Deep Funding Jurors Need Tools
— Deep Funding, Open Source, AI — 11 min read

The Ethereum ecosystem runs on roughly 50 core software projects used by millions worldwide. How much value does each provide to the network?
A group of eminent community members from across Ethereum has been assembling to answer this question through a project called Deep Funding. They're presented with pairs of projects and asked simply: "Which has been more valuable to Ethereum's success?" When one is chosen, they specify how many times more valuable it is.
Deep in this data, I found something that reveals the challenge they face: Juror 17 rated Solidity 999x more valuable than Remix.
Maybe that's reasonable—Solidity is the dominant smart contract language while Remix is just one IDE among many. But here's what that extreme comparison actually does: when I computed the implied funding from all the data received so far, Solidity gets 24.56% of total allocation. The 999x multiplier pulls hard in that direction—when I rerun the optimization with just that one number changed to 50x, Solidity's share drops to 19.23%. One extreme comparison among hundreds creates a five percentage point swing, representing potentially millions of dollars in funding if this approach were to be adopted across open source funding.
I don't mean to question Juror 17's judgment. They were asked a seemingly simple question and gave an honest answer. The problem is that neither they nor any other juror could see how their "999x" would ripple through the entire system. Deep Funding asks for local comparisons but generates global allocations, and jurors can't see the bridge between the two.
At least, not yet.
Deep Funding's Elegant Theory
Deep Funding is an innovative and bold vision for improving the funding of open source projects. You can read Vitalik's original tweet on it here.

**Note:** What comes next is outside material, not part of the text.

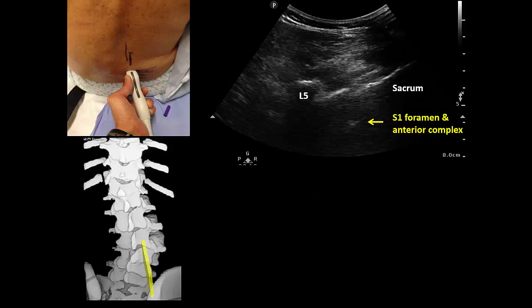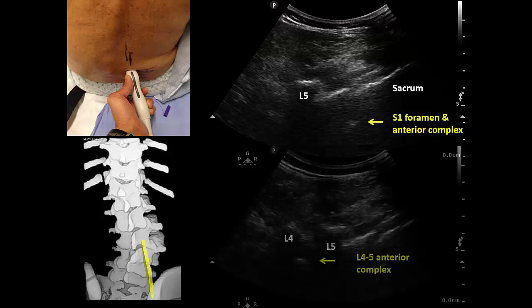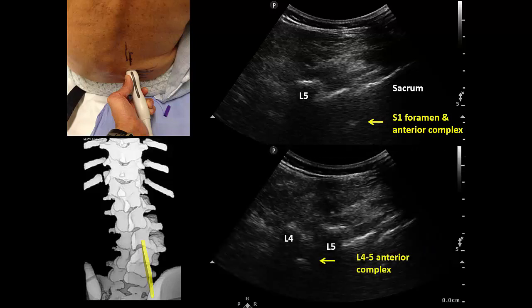Assessment of the parasagittal oblique views on the right, where we expect to find the wider spaces, shows that the L5-S1 space is almost completely closed and an anterior complex cannot be visualized. Note again the potentially misleading appearance of the first sacral foramen, which can mimic the L5-S1 junction. The L4-5 space in this patient was wider, although still narrow compared to a normal spine. Nevertheless, the anterior complex is visible, signifying a potential window into the vertebral canal.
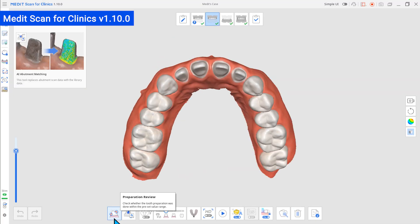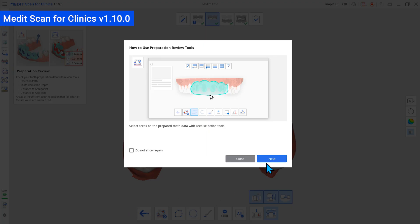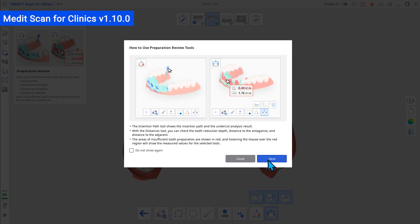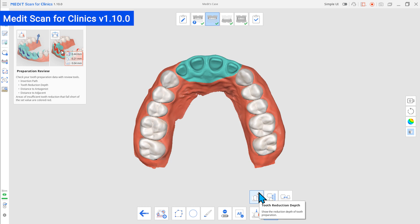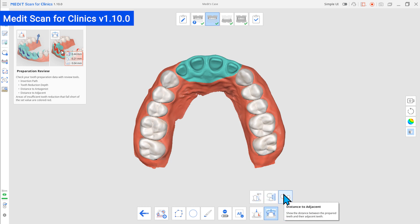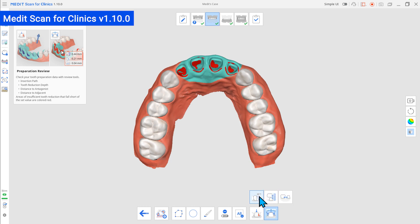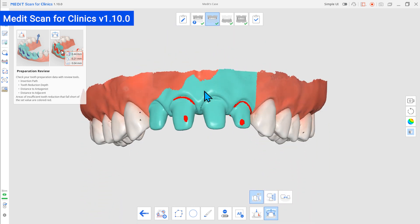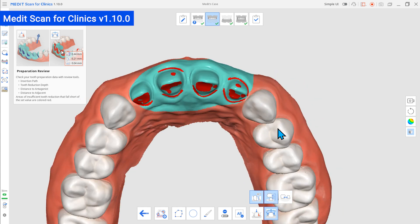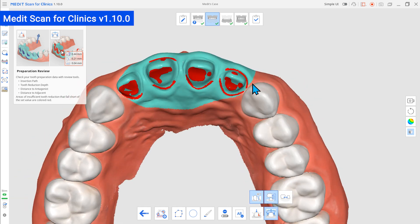With this new feature, you can now ensure proper tooth reduction before prosthesis fabrication. Depending on your required data, you can check the insertion path, amount of tooth removal, and distances to the antagonist and adjacent.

Ethereum was built through public support of open source software. Across all funding mechanisms, the Ethereum ecosystem is likely spending hundreds of millions of dollars in open source funding. For a long time, the primary source of funding for many open source projects has been ad hoc charitable donations. More recently, the crypto landscape has innovated some more systematic approaches: Gitcoin Grants, Optimism Retro PGF, Uniswap Grants, among others.
But these mechanisms are still a substantial investment of time and effort for funders who may just want their dollars to support a whole ecosystem that they care about. For example, an Ethereum supporter might ask: why can't I just donate to all Ethereum projects in proportion to their value to the ecosystem?
Deep Funding tackles this desire head on. In one round, we take all available funding and divide it across all meritorious open source projects in proportion to their value to the ecosystem. In fact, we go further, treating each project as its own ecosystem and dividing funding between an open source project and its open source dependencies. In one fell swoop, each dollar of funding can potentially support thousands of open source projects.
But how can we actually allocate funding in a way that donors can trust? The natural thing to do is to have those eminent community members directly rank every project. But that hits an immediate wall. Even the most dedicated experts don't have the time or ability to make the huge number of decisions necessary to allocate funding across thousands of projects.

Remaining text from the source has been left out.